■ **SUPPLIED MATERIAL**:
*-*-*

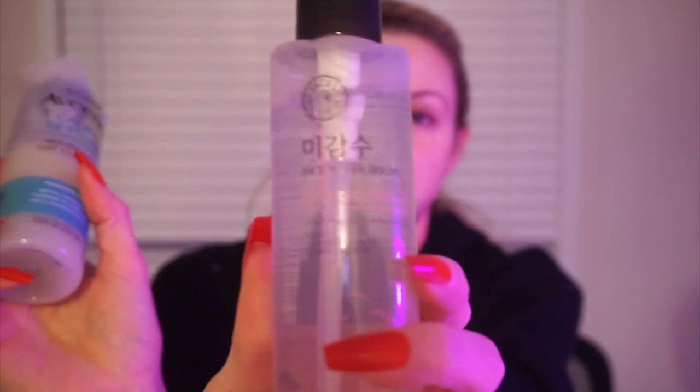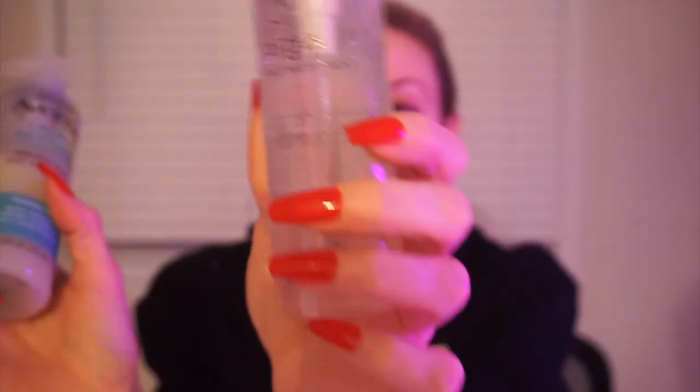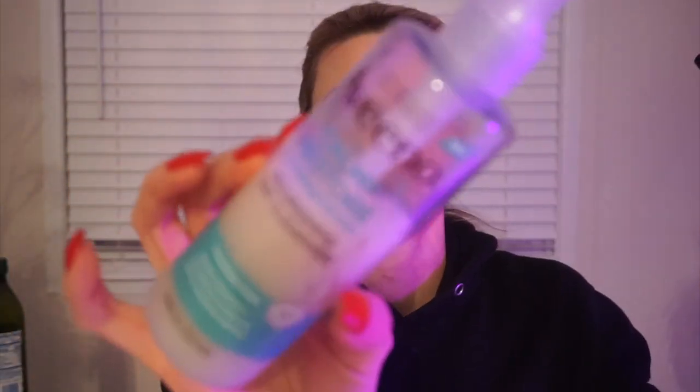Also, I cleansed with this - it's actually new, I used to use it a while ago. This is the Rice Water Bright Cleanser - it's an oil cleanser and it's really good. It's probably my favorite texture of an oil cleanser. And then I'm using the Calm and Restore.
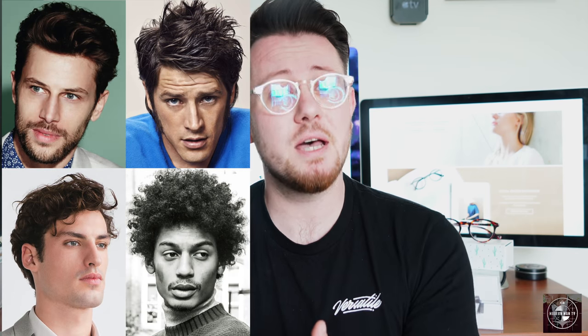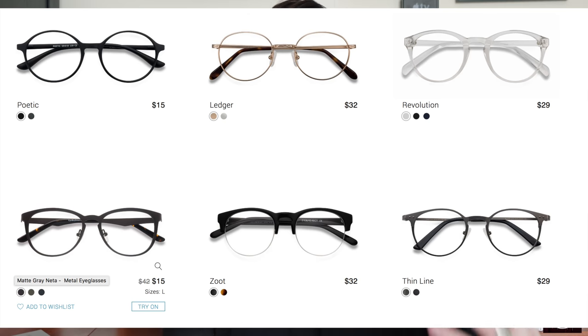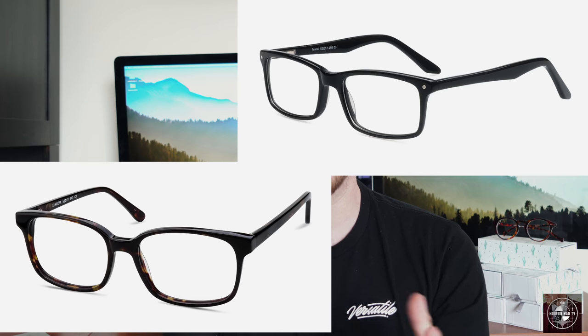For oval face shapes you want to look at full rim or thick frames, and you could also look at round frames. For square face shapes you want to look at round frames, square frames, or even rimless frames. Round face shapes go really well with rectangle or square shaped glasses — anything with a well-defined frame shape will suit people with round faces. For base up triangle shapes you should look towards oval frames and avoid round ones. I'm grouping diamond in with base up triangle as they share similar attributes. People with base down triangle shapes tend to look better in wayfarer style or horn rim frames.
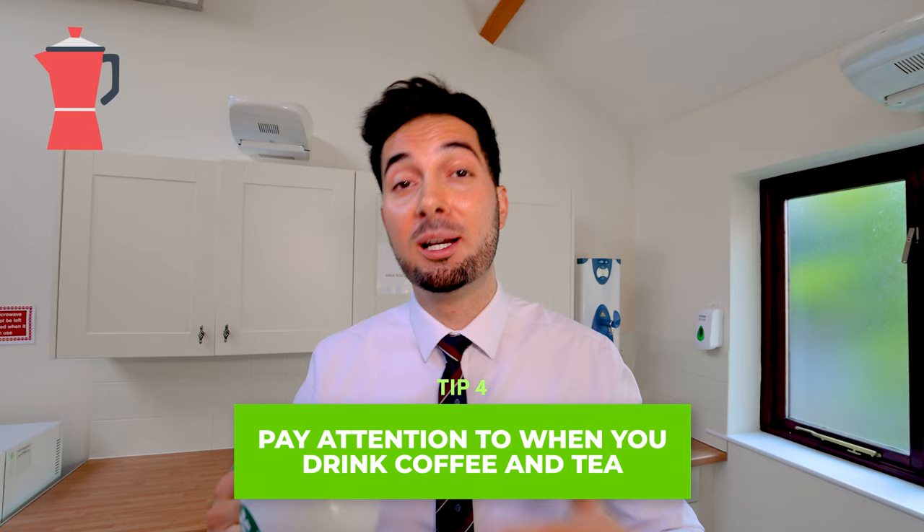Tip number four: when are you having your coffee or tea? If you're having it first thing in the morning, try having it at midday instead. When we first wake up, we have a boost of cortisol, which makes us feel energetic. By waiting until midday when your cortisol reduces, having your coffee and caffeine can really be a game changer and help boost your energy levels.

*-*-*

■ **PROBLEM STATEMENT**: Every line of the listing must be reproduced exactly, though the pictures are to be left out.

■ **ANSWER TO THIS TASK**:
Also, I cleansed with this - it's actually new, I used to use it a while ago. This is the Rice Water Bright Cleanser - it's an oil cleanser and it's really good. It's probably my favorite texture of an oil cleanser. And then I'm using the Calm and Restore.
For oval face shapes you want to look at full rim or thick frames, and you could also look at round frames. For square face shapes you want to look at round frames, square frames, or even rimless frames. Round face shapes go really well with rectangle or square shaped glasses — anything with a well-defined frame shape will suit people with round faces. For base up triangle shapes you should look towards oval frames and avoid round ones. I'm grouping diamond in with base up triangle as they share similar attributes. People with base down triangle shapes tend to look better in wayfarer style or horn rim frames.
Tip number four: when are you having your coffee or tea? If you're having it first thing in the morning, try having it at midday instead. When we first wake up, we have a boost of cortisol, which makes us feel energetic. By waiting until midday when your cortisol reduces, having your coffee and caffeine can really be a game changer and help boost your energy levels.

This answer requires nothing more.